Posted tagged ‘love locks’

bits and pieces

February 13, 2023

There is an area of Kansas City generally known as Red Bridge. It’s named after an old red bridge that crossed the Blue River back in settlement days. Subsequent replacement bridges were all painted red to honor that bit of history. The newest bridge (concrete and steel) is fitted with red granite to maintain the tradition.

What you see above is the prior red bridge. I believe I drove across the bridge at least once in my adult tenure here (and it’s not impossible that I had when I was a toddler before we moved to St. Louis, though it is unlikely that I would have been doing the driving). This bridge not only no longer takes traffic but it no longer leads anywhere either. (The area behind me when I took this photo is full of trees and rock piles and is impassible.)

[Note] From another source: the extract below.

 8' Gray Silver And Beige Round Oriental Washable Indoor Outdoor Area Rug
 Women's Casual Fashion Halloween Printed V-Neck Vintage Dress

But a new use has been found for the old bridge. It’s become the host of love locks. Couples affix a padlock to the bridge (or gates or fences and even monuments) as a sign of their love. Names, initials, and dates are generally inscribed on the locks, and tradition requires that the key to the lock be thrown away (generally into the river the bridge crosses) as a sign of the unbreakable love of the couple.

This is a global phenomenon, and while it is sweet and is even used in some places as a tourist attraction, it has become a problem. The weight of the combined locks has threatened the integrity of some bridges, for example, and the tossing of the key into the river can actually affect water quality and wildlife. At the bridge above there is a box in place where couples can deposit their key, which will eventually be recycled. (Often I’ve seen this box broken into, presumably for the metal.)

This bridge is about a mile from the end of the Blue River Trail, and I would pass it when I did my 26-mile rides back in the day.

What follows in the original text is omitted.